[Records contained in a dataset]

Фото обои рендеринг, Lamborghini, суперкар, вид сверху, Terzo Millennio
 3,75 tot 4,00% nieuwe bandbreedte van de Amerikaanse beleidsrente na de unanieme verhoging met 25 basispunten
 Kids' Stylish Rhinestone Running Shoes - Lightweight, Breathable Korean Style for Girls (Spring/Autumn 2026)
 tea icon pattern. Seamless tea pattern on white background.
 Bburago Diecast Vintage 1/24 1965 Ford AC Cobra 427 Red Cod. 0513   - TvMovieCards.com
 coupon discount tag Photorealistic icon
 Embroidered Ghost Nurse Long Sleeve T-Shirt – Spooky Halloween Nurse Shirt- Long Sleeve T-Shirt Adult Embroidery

## Task requirements:
Note down each line above where the word "icon" occurs.

## Exercise answer:
 tea icon pattern. Seamless tea pattern on white background.
 coupon discount tag Photorealistic icon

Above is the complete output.